*** DATA EXTRACTS ***

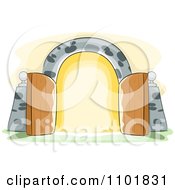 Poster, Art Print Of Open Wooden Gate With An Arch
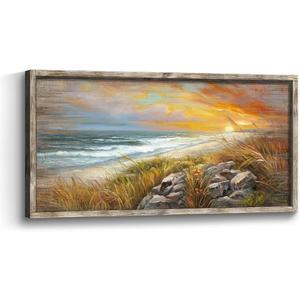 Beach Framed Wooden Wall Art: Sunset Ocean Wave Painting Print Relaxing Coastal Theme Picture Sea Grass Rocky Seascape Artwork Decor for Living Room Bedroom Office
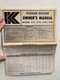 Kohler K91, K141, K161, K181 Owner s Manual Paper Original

***
*** DATA EXTRACTS ***

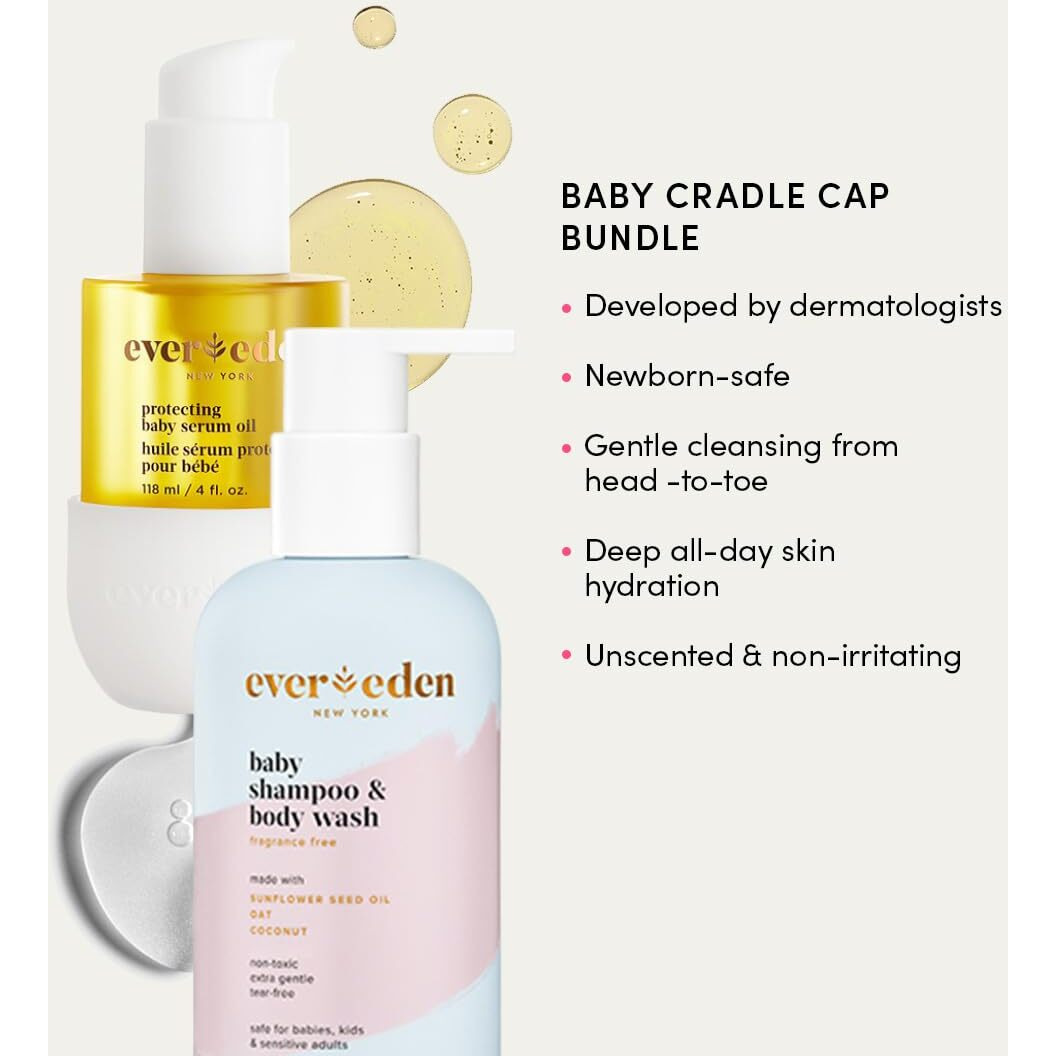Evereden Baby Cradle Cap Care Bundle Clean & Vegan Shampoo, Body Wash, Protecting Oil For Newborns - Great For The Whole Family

***
*** DATA EXTRACTS ***

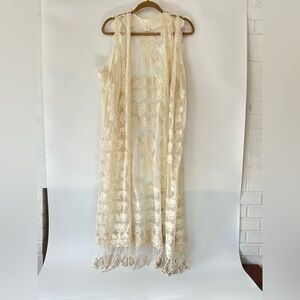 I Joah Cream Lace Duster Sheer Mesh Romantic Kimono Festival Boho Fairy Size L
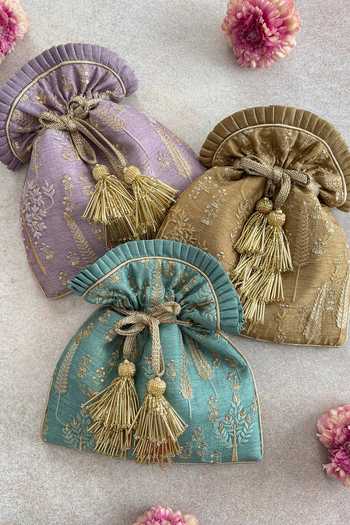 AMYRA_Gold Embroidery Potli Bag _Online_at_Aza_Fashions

***

Output exactly, and only, the lines of the entries above from the one with "Poster, Art Print" up to and including the one with "Kohler K91, K141, K161, K181"; pictures are to be left out.

 Poster, Art Print Of Open Wooden Gate With An Arch
 Beach Framed Wooden Wall Art: Sunset Ocean Wave Painting Print Relaxing Coastal Theme Picture Sea Grass Rocky Seascape Artwork Decor for Living Room Bedroom Office
 Kohler K91, K141, K161, K181 Owner s Manual Paper Original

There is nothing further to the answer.